The biggest things that helped my efficiency was building a water profile with Brunwater, which it looks like you did. I also use distilled. Recirculating my mash throughout and to me most important is to stir every 15 minutes thoroughly. I think even with my HERMS, there was different temps going on throughout the mash tun. Ever since these changes, I get a consistent 90%.
Also, your thermometer. I had issues with it as well. Calibrate it. Get some ice water and place in for a few minutes. Adjust it with the screw on the back until it reads 32. You'll want to stir the ice water occasionally as you do this. Also, boil some water and do the same thing at whatever your boiling temp is for your altitude. Mine is 204 here in Reno.
I also use a accurate digital thermometer. Once things are going on my HERMS, my controller will be reading 152 for example, and my dial thermometer on side of the mash tun will match perfectly. I spot check with the digital one and it always matches too.

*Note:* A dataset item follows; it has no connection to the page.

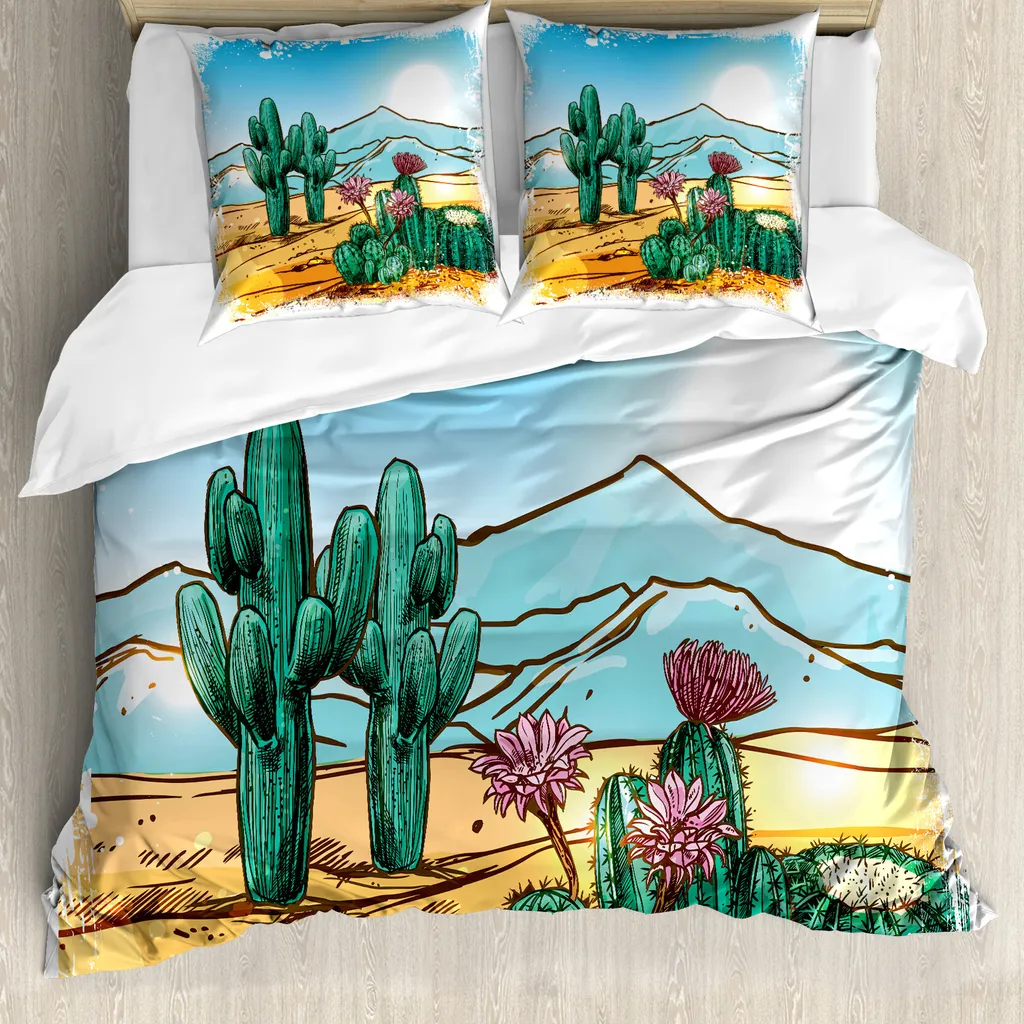 Set Copripiumino Antiacaro 200x200 cm ABAKUHAUS - Design Cartoon Cactus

Thanks. Never thought to stir will be adding that to my process. Definitely doing some calibrations on thermometers. Its crazy how off some of these can be. I've used my Thermapen for a few years now too so its due for a calibration.
 
Take those measurements rather than guesstimate and yes, stirring will help but grain crush might help more. in 20+ years of brewing the single best piece of equipment I ever bought, still to this day, is my grain mill.
Yeah I was hoping I could get several more recipes done relying on NB's store crush to skip that expense. But it's becoming clear how important that is and also how unimportant or quickly and crudely it's probably done by NB before they ship my grains.
 
Yeah I was hoping I could get several more recipes done relying on NB's store crush to skip that expense. But it's becoming clear how important that is and also how unimportant or quickly and crudely it's probably done by NB before they ship my grains.

I agree a mill is important for efficiency, I gained 10 points just off that change alone. The other thing I haven’t seen here is that anything pre-crushed may have been around a while before being used. Milling grain and leaving it sit a long time definitely had bad long term effects on extract potential.

To me, mash efficiency is one of those things that a lot of little things tend to add up. I still fluctuate about 3-4 points efficiency (69-73), but I also tend to mash about 35-45 mins.

Good luck on the next brews, there is a lot to get right and dialing in takes time.